## [TASK INSTRUCTIONS]
Skip the images. Copy the records exactly as written.

[Stored dataset items]
····················
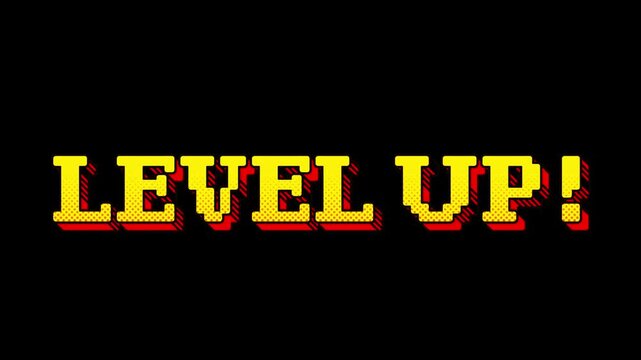 8-bit pixel art game style level up text. looped animation 4k 30fps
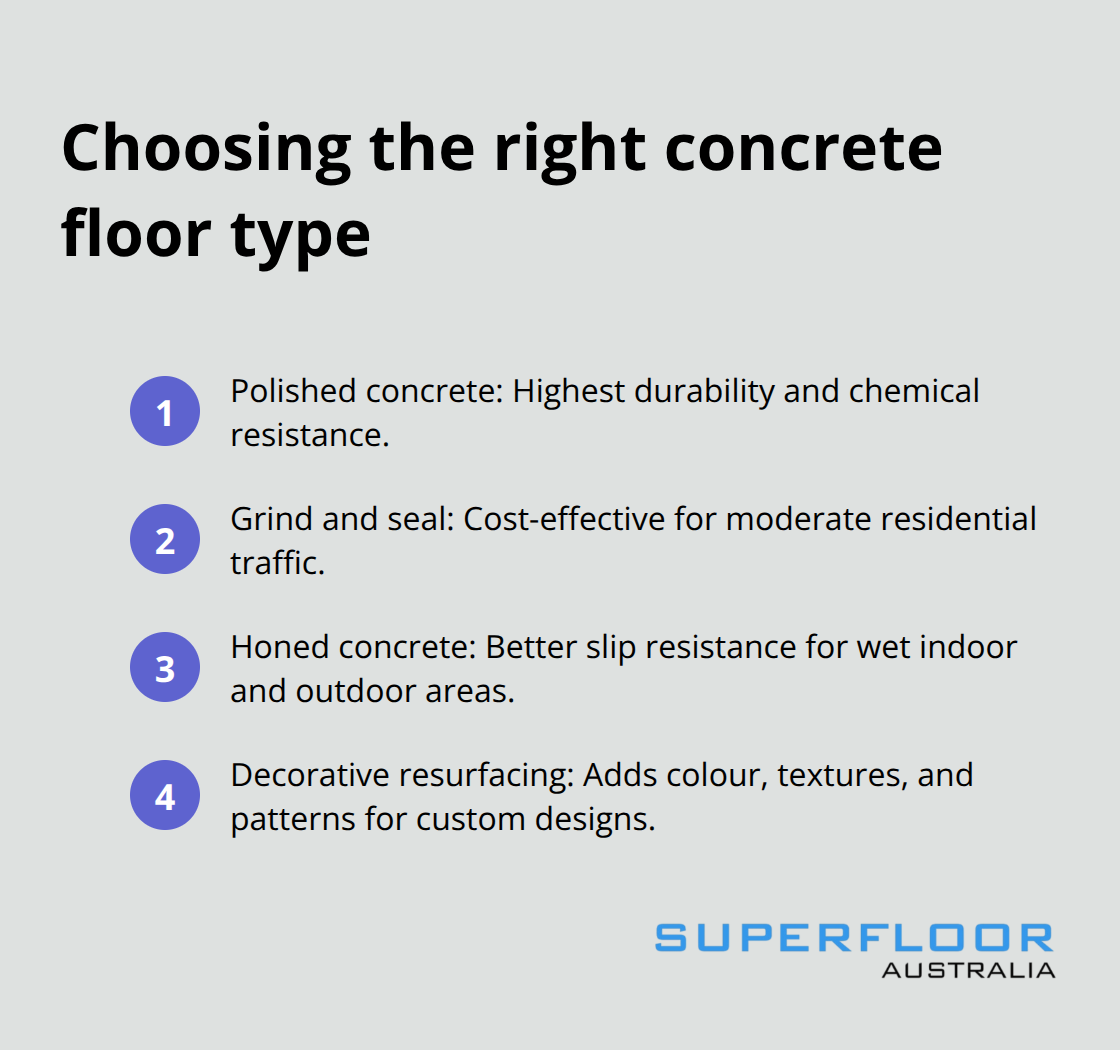 Compact list comparing polished, grind and seal, honed, and decorative resurfacing concrete options.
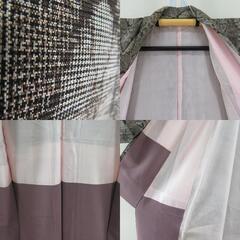 紬 着物 アンティーク 昔着物 村山大島紬 幾何学模様 茶色 広衿 正絹 カジュアル 仕立て上がり着物 身丈151cm 【キモノオフ野々市若松店】の画像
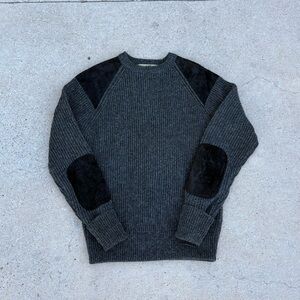 Vintage 90s Saratoga Gray Wool Knit Sweater Pullover Suede Patches Men’s Medium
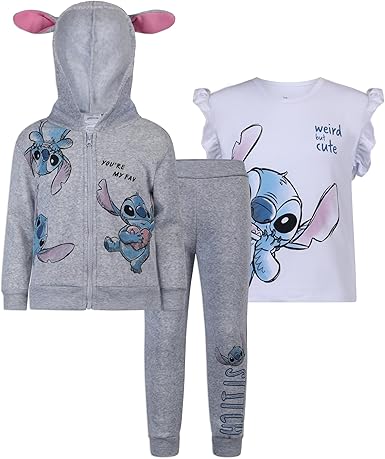 Photo 1 of Disney Lilo & Stitch Girls Zip up Hoodie, T-Shirt and Pants Set for Toddlers and Big Kids
size 4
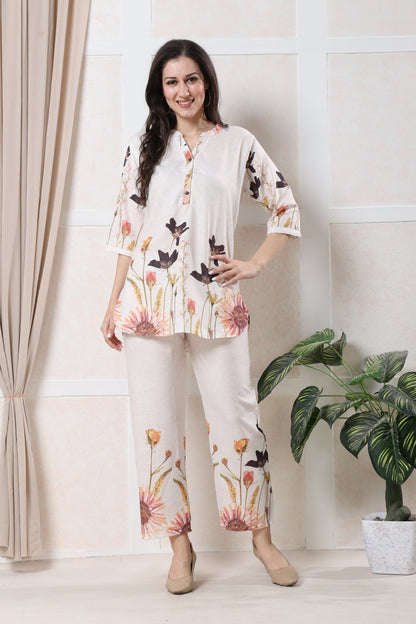 Beige & Flower Printed Linen Co-ord Set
····················
## [RESULT OF THE TASK]
 8-bit pixel art game style level up text. looped animation 4k 30fps
 Compact list comparing polished, grind and seal, honed, and decorative resurfacing concrete options.
 紬 着物 アンティーク 昔着物 村山大島紬 幾何学模様 茶色 広衿 正絹 カジュアル 仕立て上がり着物 身丈151cm 【キモノオフ野々市若松店】の画像
 Vintage 90s Saratoga Gray Wool Knit Sweater Pullover Suede Patches Men’s Medium
 Photo 1 of Disney Lilo & Stitch Girls Zip up Hoodie, T-Shirt and Pants Set for Toddlers and Big Kids
size 4
 Beige & Flower Printed Linen Co-ord Set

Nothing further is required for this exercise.